It is the plaintiffs' contention that the application acted upon by the defendant was not made by the owner of the property and it was absent a sworn disclosure by the true owner. The plaintiff argues that since the language of the statute utilizes the mandatory command language of "shall" the application clearly failed to comply with the statutory requisites and the actions of the commission are void and the appeal must be sustained citing D.S. Associates v. P Z Commission, 27 Conn. App. 508,510-512 (1992).

In reviewing the application for subdivision approval it lists Rosario S. Mangiafico, Trustee, as the name of owner.
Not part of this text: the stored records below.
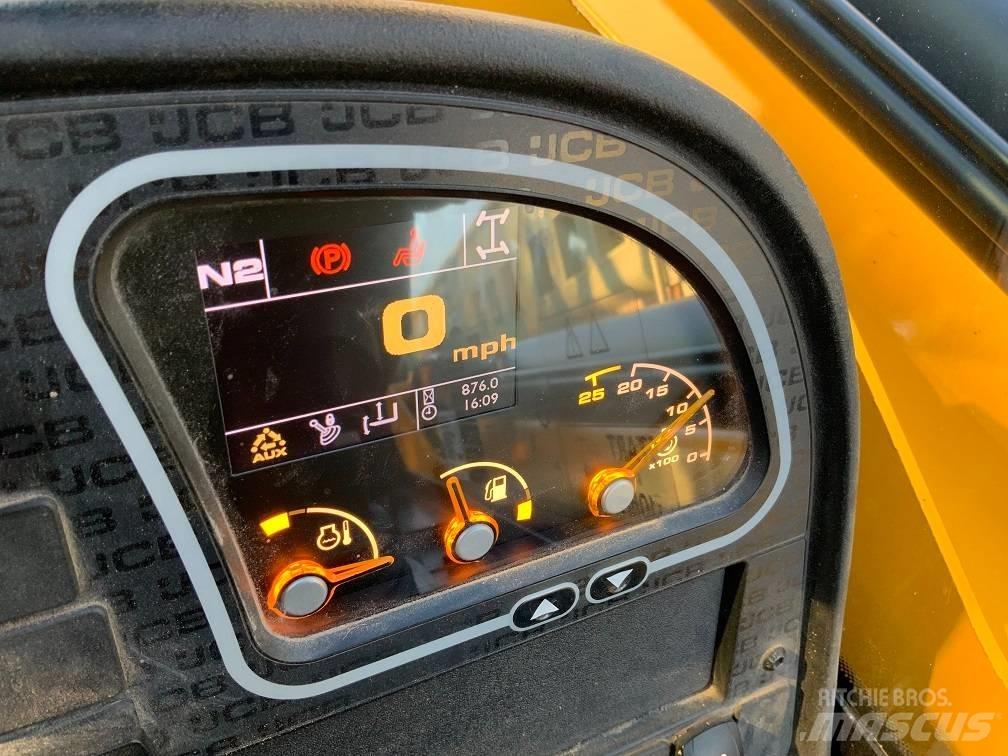 JCB 540V140 Teleskopiniai krautuvai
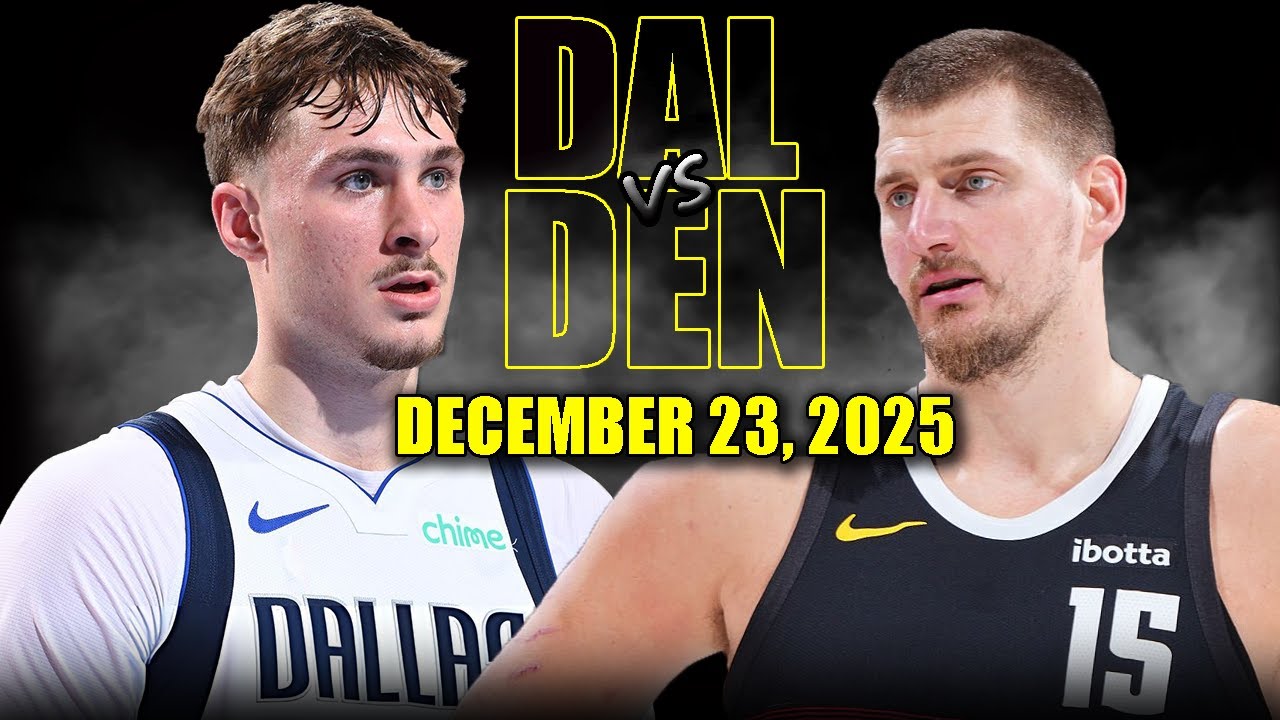 Dallas Mavericks vs Denver Nuggets Full Game Highlights – December 23, 2025 | NBA Season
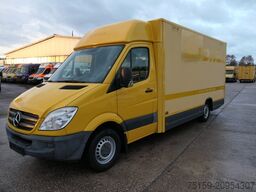 mercedes-benz SPRINTER 310 CDI MAXI EURO-5 KOFFER REGALE KAMERA DURCHGANG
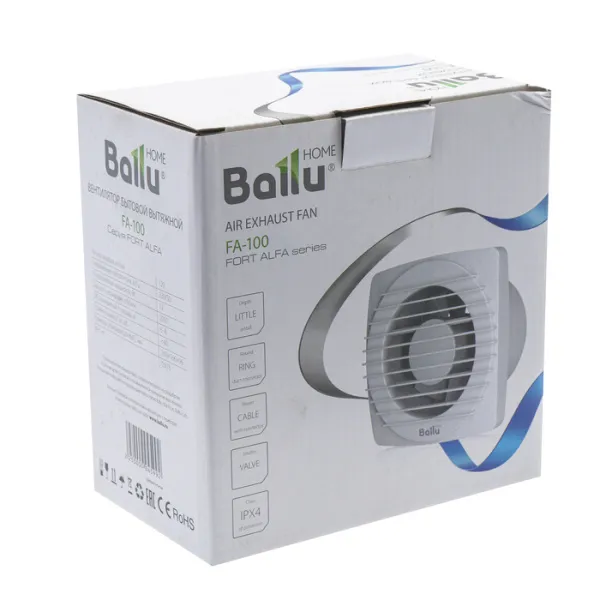 Осевой вентилятор Ballu Fort Alfa FA-100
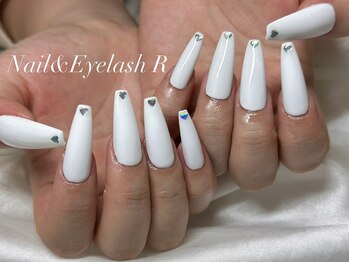 ホワイトワンカラー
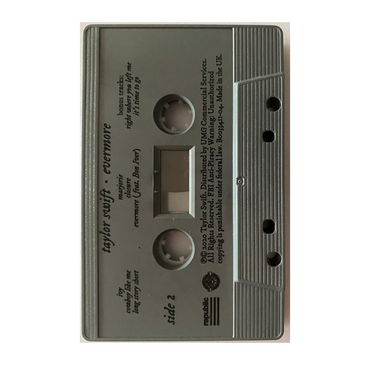 Taylor Swift - Evermore - K7. Shop now music store in abudhabi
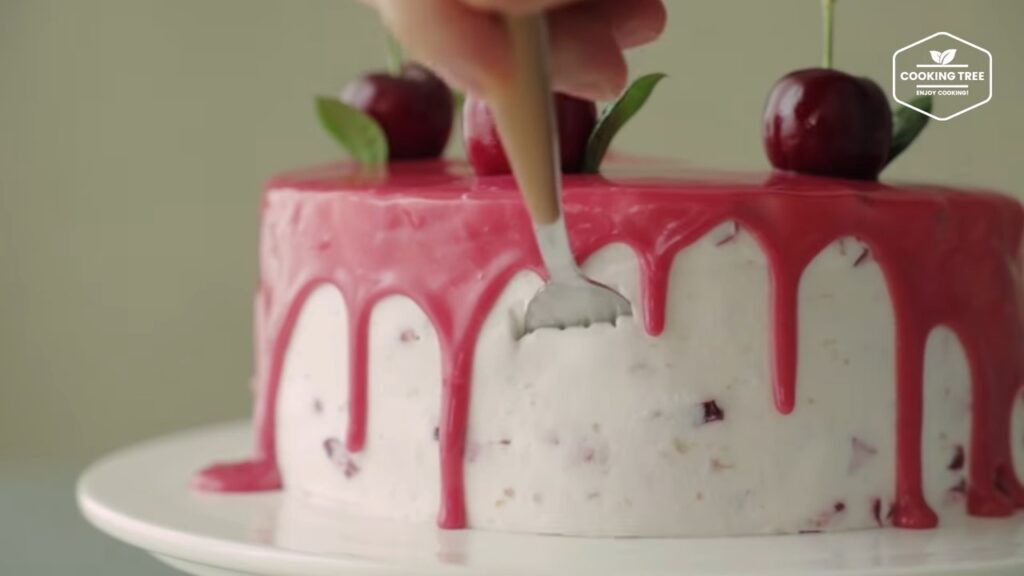 Cherry Cake Recipe Cooking tree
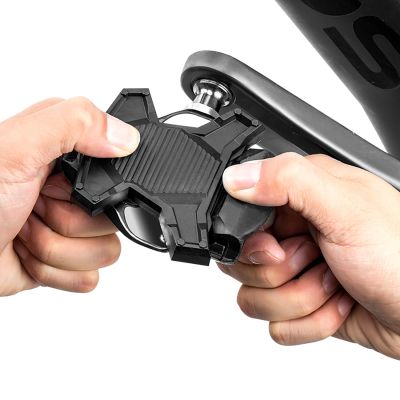 4. Rockbros PP20 SPD-Pedaladapter – Schwarz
Further the applicant admits that the record owner of the property was namely James R. Ripper who received the property from a Land Trust Agreement as trustee for the Mangiafico Development Corporation profit sharing plan.2

In reviewing the trustee document it shows that the sole beneficiary of the trust is Mangiafico Development Corporation Profit Sharing Plan. Furthermore, the affidavit shows that Rosario Mangiafico is the President and sole owner of Mangiafico Development Corporation and the sole trustee of the Mangiafico Development Corporation Profit Sharing Plan.

As established in Lauer v. Zoning Commission, 220 Conn. 455 (1991) our Supreme Court now requires a review be undertaken of the legislative purpose of the act. The purpose of the act is to assure that the identities of the beneficial owners of the property are known to the commission in order to avoid hidden conflicts of interest with commission members. See Testimony of Representative Miller, 14 H.R. Proc. Pt. 8, 1971 Sess. pp. 3666-3667.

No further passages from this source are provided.